Lastly I bring in my favorite secret weapon - Otocinclus. 1 or 2 per 10 gallons should bring the outbreak under control and clean up your plants.

Let us know how you progress!


----------



## Aquaticz (May 22, 2009)

Seattle_Aquarist said:


> Hi Aquaticz,
> 
> I have had diatoms, unsightly but not really a problem. I did not find the level of nutrients to be a cause, but I have read silicon may have some bearing on emergence and growth.
> 
> ...


Thanks Seattle.
Think it could be oil dri related?
I have an unusual opportunity. Yesterday I killed off all but a betta.... fiddled with CO2. So given the timing and the fact that my subsrate is about one month old. I expect to add more pre rinsed oil dri, fertilize it with osomcot and start a new scape. I am going to try a steep scape woth a mound and some driftwood and see if I can't get a great scape going.

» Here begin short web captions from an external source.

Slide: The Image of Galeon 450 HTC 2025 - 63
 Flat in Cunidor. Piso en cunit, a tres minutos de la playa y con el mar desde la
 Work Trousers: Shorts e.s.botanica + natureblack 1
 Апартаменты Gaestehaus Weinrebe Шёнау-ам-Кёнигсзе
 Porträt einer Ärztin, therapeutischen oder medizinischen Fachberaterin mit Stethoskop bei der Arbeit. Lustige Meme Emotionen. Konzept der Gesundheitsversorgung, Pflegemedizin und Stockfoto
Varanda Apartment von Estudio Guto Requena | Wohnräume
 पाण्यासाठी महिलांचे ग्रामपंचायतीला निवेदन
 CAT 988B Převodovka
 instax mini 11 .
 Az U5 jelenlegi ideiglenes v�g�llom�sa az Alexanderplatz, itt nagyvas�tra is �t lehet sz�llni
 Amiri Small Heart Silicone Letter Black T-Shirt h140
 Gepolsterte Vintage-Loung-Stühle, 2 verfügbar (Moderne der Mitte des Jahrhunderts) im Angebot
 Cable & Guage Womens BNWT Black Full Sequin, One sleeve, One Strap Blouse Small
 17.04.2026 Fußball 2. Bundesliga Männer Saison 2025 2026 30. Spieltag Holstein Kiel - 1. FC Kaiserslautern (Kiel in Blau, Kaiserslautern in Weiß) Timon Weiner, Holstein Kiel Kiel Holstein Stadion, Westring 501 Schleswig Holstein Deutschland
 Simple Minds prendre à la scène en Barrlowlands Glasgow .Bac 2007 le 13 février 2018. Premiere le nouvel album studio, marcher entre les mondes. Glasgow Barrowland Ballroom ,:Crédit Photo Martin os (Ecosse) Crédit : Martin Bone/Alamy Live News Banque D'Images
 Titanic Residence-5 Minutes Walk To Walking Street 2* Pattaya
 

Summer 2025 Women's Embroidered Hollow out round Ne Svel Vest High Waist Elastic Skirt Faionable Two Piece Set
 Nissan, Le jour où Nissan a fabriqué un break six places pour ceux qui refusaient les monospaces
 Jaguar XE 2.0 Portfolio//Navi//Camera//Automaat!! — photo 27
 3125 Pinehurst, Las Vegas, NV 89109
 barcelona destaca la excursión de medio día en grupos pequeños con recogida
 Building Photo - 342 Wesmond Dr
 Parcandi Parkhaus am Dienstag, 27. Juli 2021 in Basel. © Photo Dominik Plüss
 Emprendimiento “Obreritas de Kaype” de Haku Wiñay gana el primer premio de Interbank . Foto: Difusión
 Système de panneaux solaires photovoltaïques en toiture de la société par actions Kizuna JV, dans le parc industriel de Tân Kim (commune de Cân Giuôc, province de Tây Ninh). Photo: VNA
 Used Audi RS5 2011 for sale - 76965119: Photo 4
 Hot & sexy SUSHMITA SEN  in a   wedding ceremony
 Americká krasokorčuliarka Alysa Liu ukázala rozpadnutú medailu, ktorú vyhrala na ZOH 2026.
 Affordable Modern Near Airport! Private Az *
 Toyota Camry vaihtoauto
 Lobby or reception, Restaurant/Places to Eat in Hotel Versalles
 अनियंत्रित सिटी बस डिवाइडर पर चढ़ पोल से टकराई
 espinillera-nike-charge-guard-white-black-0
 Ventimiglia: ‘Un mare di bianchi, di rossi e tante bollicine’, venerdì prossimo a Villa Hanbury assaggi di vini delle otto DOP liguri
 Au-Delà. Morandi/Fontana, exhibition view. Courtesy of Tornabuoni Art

I will definetly do the [email protected]@ and ive that secreet weapon a shot....maybe 8-10 
Thanks


----------



## Seattle_Aquarist (Mar 7, 2008)

Hi Richard,

It could be Oil-Dri related. I use Soilmaster Select/Turface Pro League and have the problem from time to time (usually if an Oto dies). However, I also would get it when I used a natural gravel.


----------